# helion
**Repository Path**: mirrors_pytorch/helion
## Basic Information
- **Project Name**: helion
- **Description**: A Python-embedded DSL that makes it easy to write fast, scalable ML kernels with minimal boilerplate.
- **Primary Language**: Unknown
- **License**: BSD-3-Clause
- **Default Branch**: main
- **Homepage**: None
- **GVP Project**: No
## Statistics
- **Stars**: 0
- **Forks**: 0
- **Created**: 2025-08-07
- **Last Updated**: 2025-09-27
## Categories & Tags
**Categories**: Uncategorized
**Tags**: None
## README
# Helion
📚 **[View Documentation](https://helionlang.com)** 📚
> ⚠️ **Early Development Warning**
> Helion is currently in an experimental stage. You should expect bugs, incomplete features, and APIs that may change in future versions. Feedback and bug reports are welcome and appreciated!

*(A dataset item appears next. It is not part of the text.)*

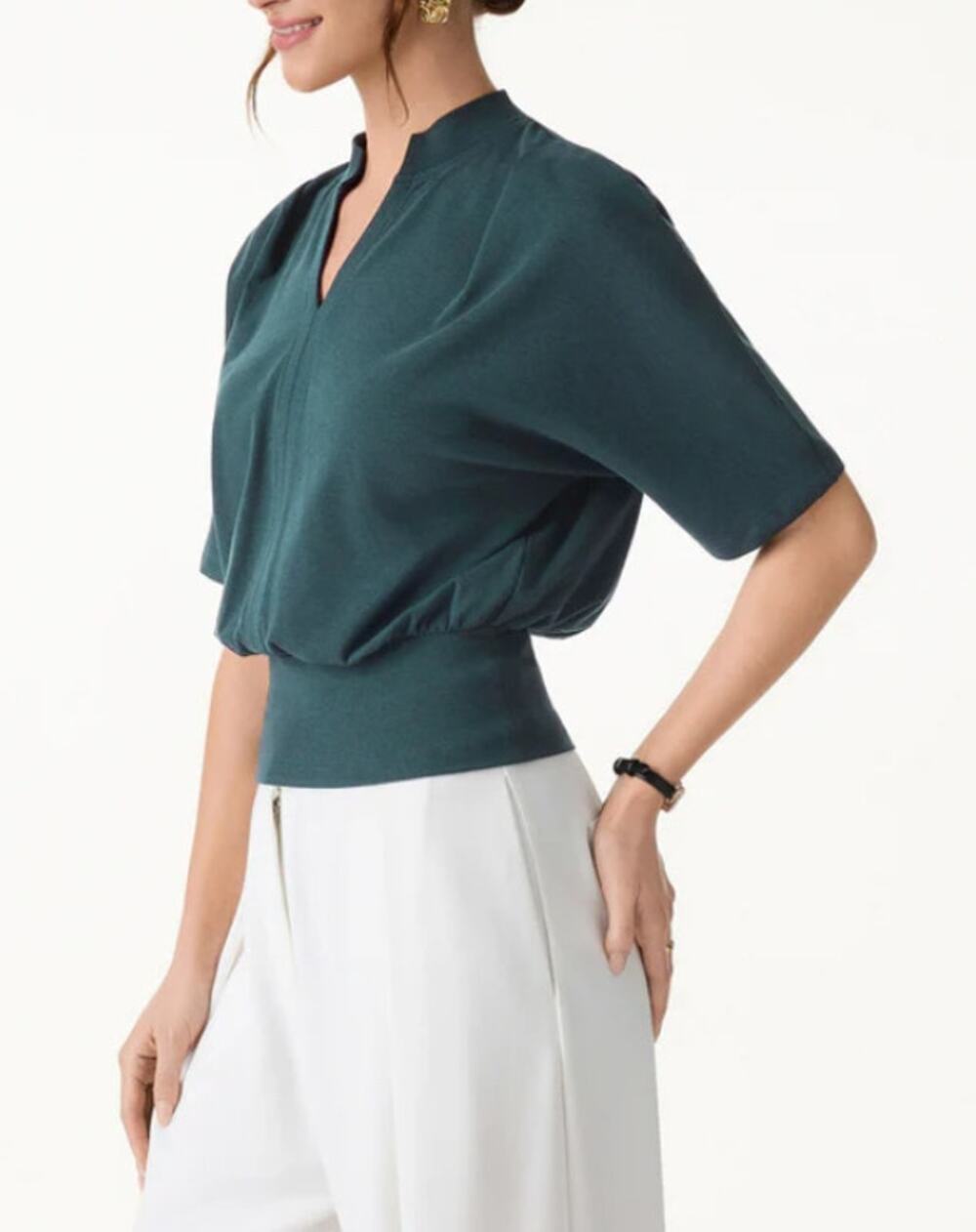 OGL Teal Blue Modal Stretch V Neck Top Shirt Blouse Size XL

**Helion** is a Python-embedded domain-specific language (DSL) for
authoring machine learning kernels, designed to compile down to [Triton],
a performant backend for programming GPUs and other devices. Helion aims
to raise the level of abstraction compared to Triton, making it easier
to write correct and efficient kernels while enabling more automation
in the autotuning process.
[Triton]: https://github.com/triton-lang/triton
The name *Helion* refers to the nucleus of a helium-3 atom, while *Triton*
refers to hydrogen-3.
Helion can be viewed either as *PyTorch with tiles* or as *a higher-level Triton*. Compared to
Triton, Helion reduces manual coding effort through autotuning. Helion spends more time (approx
10 min) autotuning as it evaluates hundreds of potential Triton implementations generated
from a single Helion kernel. This larger search space also makes kernels more performance
portable between different hardware. Helion automates and autotunes over:
1. **Tensor Indexing:**
* Automatically calculates strides and indices.

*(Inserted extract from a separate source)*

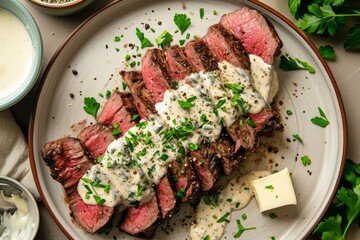 Roasted beef fillet with Gorgonzola sauce, beef fillets, ground nutmeg, flour, milk, diced Gorgonzola, chopped flat-leaf parsley, butter, served in plate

* Autotunes choices among various indexing methods (pointers, block pointers, TensorDescriptors).
2. **Masking:**
* Most masking is implicit in Helion, and is optimized away when not needed.
3. **Grid Sizes and PID Calculations:**
* Automatically determines grid sizes.
* Autotunes multiple mappings from Program IDs (PIDs) to data tiles.
4. **Implicit Search Space Definition:**
* Eliminates the need to manually define search configurations.
* Automatically generates configuration flags and exploration spaces.
5. **Kernel Arguments Management:**
* Automates the handling of kernel arguments, including tensor sizes and strides.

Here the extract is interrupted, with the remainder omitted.